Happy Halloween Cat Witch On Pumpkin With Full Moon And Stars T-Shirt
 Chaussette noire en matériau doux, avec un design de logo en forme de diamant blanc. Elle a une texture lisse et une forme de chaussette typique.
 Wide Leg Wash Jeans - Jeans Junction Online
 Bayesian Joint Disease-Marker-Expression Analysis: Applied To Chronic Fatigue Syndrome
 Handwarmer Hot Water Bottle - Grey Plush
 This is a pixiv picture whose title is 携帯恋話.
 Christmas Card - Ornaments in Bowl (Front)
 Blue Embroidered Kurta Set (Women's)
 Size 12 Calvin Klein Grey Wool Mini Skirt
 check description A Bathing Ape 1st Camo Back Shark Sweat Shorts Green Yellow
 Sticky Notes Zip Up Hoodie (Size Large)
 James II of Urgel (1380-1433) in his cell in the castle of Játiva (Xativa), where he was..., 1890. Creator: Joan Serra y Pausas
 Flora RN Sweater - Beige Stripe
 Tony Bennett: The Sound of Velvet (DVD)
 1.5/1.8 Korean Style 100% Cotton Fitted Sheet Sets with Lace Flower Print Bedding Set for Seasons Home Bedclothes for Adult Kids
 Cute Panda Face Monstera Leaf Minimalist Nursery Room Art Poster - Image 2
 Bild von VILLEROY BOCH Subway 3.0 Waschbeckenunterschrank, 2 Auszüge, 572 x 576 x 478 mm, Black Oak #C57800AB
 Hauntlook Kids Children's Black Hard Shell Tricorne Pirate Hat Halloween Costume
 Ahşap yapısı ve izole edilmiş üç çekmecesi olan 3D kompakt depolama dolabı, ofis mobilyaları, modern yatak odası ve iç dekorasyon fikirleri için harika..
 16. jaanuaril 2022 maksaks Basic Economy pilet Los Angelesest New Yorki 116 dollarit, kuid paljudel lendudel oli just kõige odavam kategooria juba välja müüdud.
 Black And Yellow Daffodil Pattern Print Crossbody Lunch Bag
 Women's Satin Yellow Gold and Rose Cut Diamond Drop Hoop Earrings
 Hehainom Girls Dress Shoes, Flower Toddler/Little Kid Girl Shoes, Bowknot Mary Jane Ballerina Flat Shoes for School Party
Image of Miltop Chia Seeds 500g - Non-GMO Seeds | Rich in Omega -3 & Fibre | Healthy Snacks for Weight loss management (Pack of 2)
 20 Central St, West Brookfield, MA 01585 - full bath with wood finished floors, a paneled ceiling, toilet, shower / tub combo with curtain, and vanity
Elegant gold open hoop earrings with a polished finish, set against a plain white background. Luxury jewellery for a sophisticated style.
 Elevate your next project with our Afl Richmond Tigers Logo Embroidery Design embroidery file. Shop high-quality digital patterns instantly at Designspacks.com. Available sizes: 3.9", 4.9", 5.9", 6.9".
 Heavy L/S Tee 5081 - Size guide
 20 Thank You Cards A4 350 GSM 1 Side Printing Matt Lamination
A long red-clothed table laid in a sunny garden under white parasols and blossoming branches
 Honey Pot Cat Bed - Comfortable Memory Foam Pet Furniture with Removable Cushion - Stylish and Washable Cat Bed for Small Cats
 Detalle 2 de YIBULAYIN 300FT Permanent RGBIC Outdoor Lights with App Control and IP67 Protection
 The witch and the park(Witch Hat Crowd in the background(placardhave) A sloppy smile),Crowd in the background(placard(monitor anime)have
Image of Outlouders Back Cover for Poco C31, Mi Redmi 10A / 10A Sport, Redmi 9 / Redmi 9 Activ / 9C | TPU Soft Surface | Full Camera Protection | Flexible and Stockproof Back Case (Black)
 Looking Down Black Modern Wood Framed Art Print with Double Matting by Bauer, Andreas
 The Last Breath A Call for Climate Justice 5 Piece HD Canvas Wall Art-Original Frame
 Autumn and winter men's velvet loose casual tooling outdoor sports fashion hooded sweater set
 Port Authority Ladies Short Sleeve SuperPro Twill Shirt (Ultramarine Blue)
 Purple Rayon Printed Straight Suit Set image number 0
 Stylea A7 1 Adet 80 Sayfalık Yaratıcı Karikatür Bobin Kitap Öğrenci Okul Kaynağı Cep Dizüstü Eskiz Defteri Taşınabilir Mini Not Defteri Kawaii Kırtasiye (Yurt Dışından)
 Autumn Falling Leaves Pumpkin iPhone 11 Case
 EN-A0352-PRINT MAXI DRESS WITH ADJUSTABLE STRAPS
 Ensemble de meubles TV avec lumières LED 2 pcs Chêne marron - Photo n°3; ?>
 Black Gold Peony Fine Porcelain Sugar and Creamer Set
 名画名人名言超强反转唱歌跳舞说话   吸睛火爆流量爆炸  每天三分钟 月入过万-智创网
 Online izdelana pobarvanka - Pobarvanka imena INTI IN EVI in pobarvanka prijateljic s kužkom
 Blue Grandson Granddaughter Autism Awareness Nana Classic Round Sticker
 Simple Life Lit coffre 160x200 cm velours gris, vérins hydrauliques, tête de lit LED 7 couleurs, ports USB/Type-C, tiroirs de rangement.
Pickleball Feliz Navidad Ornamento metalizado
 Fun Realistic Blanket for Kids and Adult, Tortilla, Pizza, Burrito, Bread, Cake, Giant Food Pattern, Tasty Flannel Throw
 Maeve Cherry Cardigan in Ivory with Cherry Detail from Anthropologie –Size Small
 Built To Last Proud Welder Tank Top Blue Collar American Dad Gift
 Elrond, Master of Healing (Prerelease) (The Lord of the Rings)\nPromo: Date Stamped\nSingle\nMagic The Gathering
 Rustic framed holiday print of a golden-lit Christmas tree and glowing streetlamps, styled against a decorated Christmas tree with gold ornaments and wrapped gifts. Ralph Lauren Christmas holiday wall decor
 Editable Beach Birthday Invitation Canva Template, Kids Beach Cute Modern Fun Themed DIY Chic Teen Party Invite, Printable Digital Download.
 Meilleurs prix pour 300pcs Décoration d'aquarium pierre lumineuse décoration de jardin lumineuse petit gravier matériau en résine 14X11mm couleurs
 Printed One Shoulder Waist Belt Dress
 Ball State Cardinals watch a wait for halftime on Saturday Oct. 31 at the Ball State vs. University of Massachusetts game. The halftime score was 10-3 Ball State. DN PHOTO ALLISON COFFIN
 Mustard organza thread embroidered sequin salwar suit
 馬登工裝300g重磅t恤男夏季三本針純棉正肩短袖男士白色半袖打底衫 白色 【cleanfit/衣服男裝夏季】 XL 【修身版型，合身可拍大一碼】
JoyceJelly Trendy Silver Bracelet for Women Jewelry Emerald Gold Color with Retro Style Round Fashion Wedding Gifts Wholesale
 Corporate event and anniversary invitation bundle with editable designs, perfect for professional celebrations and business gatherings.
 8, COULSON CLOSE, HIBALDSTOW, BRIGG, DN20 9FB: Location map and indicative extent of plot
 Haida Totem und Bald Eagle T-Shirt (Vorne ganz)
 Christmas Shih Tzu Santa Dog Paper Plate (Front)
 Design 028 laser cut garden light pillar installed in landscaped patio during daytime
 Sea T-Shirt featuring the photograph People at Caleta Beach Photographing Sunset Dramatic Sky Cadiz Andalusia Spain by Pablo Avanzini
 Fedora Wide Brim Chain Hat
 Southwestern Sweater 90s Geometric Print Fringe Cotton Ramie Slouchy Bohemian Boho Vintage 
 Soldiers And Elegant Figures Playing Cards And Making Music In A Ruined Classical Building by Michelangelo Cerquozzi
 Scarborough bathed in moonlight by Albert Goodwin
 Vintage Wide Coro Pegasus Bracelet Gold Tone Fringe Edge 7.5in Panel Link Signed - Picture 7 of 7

_ _ _ _ _ _ _

Set down, exactly as they appear, the lines above from the first one to the line that holds "James II of", both included, please, and no others.

Happy Halloween Cat Witch On Pumpkin With Full Moon And Stars T-Shirt
 Chaussette noire en matériau doux, avec un design de logo en forme de diamant blanc. Elle a une texture lisse et une forme de chaussette typique.
 Wide Leg Wash Jeans - Jeans Junction Online
 Bayesian Joint Disease-Marker-Expression Analysis: Applied To Chronic Fatigue Syndrome
 Handwarmer Hot Water Bottle - Grey Plush
 This is a pixiv picture whose title is 携帯恋話.
 Christmas Card - Ornaments in Bowl (Front)
 Blue Embroidered Kurta Set (Women's)
 Size 12 Calvin Klein Grey Wool Mini Skirt
 check description A Bathing Ape 1st Camo Back Shark Sweat Shorts Green Yellow
 Sticky Notes Zip Up Hoodie (Size Large)
 James II of Urgel (1380-1433) in his cell in the castle of Játiva (Xativa), where he was..., 1890. Creator: Joan Serra y Pausas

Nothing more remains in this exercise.